Modelling and Interpreting the Surface Evolution of the Earth in Terms of Mantle Convection: Global Implications of High Heat Flow at the Core-Mantle Boundary

根据地幔对流模拟和解释地球表面演化：核-地幔边界高热流的全球影响

• 批准号: 217272-2013
• 负责人: Forte, Alessandro
• 金额: $ 4.15万
• 依托单位: Université du Québec à Montréal
• 依托单位国家: 加拿大
• 项目类别: Discovery Grants Program - Individual
• 财政年份: 2017
• 资助国家: 加拿大
• 起止时间: 2017-01-01 至 2018-12-31
• 项目状态: 已结题
• 来源: https://www.nserc-crsng.gc.ca/ase-oro/Details-Detailles_eng.asp?id=634071
• 关键词: Modelling; Interpreting; Surface; Evolution; Earth

The ultimate goal of this proposal is a fundamental revision of our current understanding of how convection in Earth's mantle works and how this internal dynamics controls the surface geological evolution of the Earth. This admittedly challenging goal is motivated by recent developments from a wide range of fields that point to deficiencies in the current, widespread view that mantle dynamics is dominantly controlled by the subduction of cold lithosphere and hence that Earth's thermal evolution occurs mainly by 'top-down' cooling. New work on seismic tomographic inversions of 3-D mantle structure, incorporating constraints from geodynamics and mineral physics, coupled with very recent mineral physical results on high heat flow at the core-mantle boundary (CMB), and the latest interpretations of Cenozoic plate motions showing the lateral stability of Earth's most active oceanic ridge system (the East Pacific Rise) indicate that the current standard model is, at best, incomplete. There is therefore a pressing need to develop a revised model of mantle convection capable of satisfying the new findings. I therefore propose a program of research involving a 'bottom-up' approach, encompassing the entire depth-extent of the mantle. This work will focus on a number of objectives: (1) Mantle tomography - to significantly improve resolution of the 3-D structures in the lower-mantle below the Pacific Ocean where large-scale upwellings of hot mantle material have been predicted, (2) Thermal evolution - to understand how the evolution of Earth's interior is affected by strong upward heat transport in thermal plumes originating at the CMB, (3) Data assimilation - to obtain high-resolution, accurate reconstructions of thermal structure and mantle flow over the course of the Cenozoic era, and (4) Plate-tectonic evolution - to develop state-of-the-art mantle convection models with complex rheology that yield self-consistent plates dynamically coupled to underlying mantle. One of the most important objectives of this proposal is the training of highly qualified personnel. Their participation will be a key component of this effort to establish a comprehensive new view of the functioning of our planet's internal dynamics.

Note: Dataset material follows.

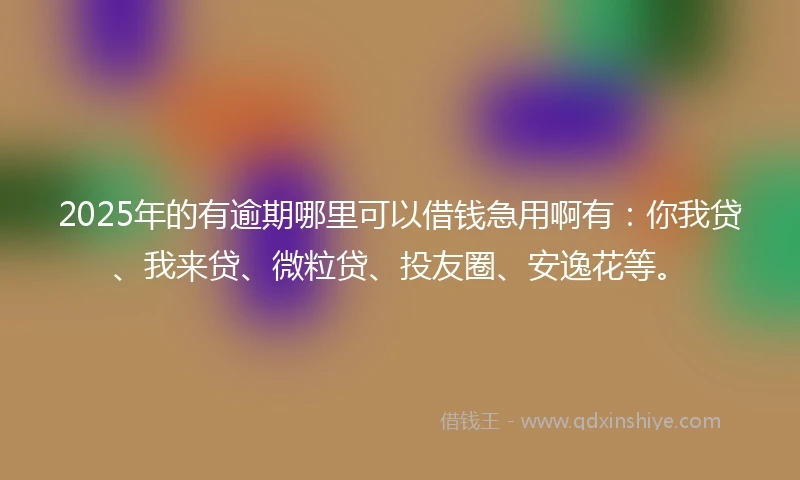 2025年的有逾期哪里可以借钱急用啊有：你我贷、我来贷、微粒贷、投友圈、安逸花等。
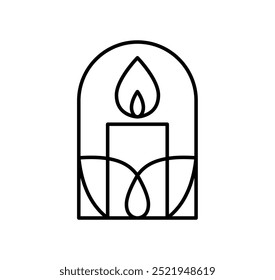 Candle vector line art logo design Elegant Spa Icon. Soothing Light Symbol for Wellness and Relaxation.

这项提议的最终目标是从根本上修改我们目前对地幔对流如何工作以及这种内部动力学如何控制地球表面地质演化的理解。这一公认的挑战性目标的动机是最近的事态发展，从广泛的领域，指出在目前的缺陷，广泛的观点，地幔动力学主要是由冷岩石圈的俯冲控制，因此，地球的热演化主要是由“自上而下”的冷却。三维地幔结构地震层析反演的新工作，结合地球动力学和矿物物理学的限制，加上最近关于核幔边界高热流的矿物物理结果，以及对新生代板块运动的最新解释，显示地球最活跃的洋脊系统的横向稳定性（东太平洋隆起）表明，目前的标准模型充其量是不完整的。因此，迫切需要发展一个能够满足新发现的地幔对流修正模型。因此，我提出了一个方案的研究涉及一个“自下而上”的方法，包括整个深度范围的地幔。这项工作将侧重于若干目标：（1）地幔层析成像-以显著提高对太平洋下地幔三维结构的分辨率，在太平洋下地幔，热地幔物质的大规模上升已被预测，（2）热演化-以了解地球内部的演化如何受到源自CMB的热羽流中强烈的向上热输送的影响，（3）数据同化-获得新生代热结构和地幔流动的高分辨率、精确重建;（4）板块构造演化-发展具有复杂流变学的最先进地幔对流模型，产生与下伏地幔动态耦合的自洽板块。这项建议的最重要目标之一是培训高素质的人员。他们的参与将是这一努力的一个关键组成部分，以建立一个关于我们星球内部动力运作的全面的新观点。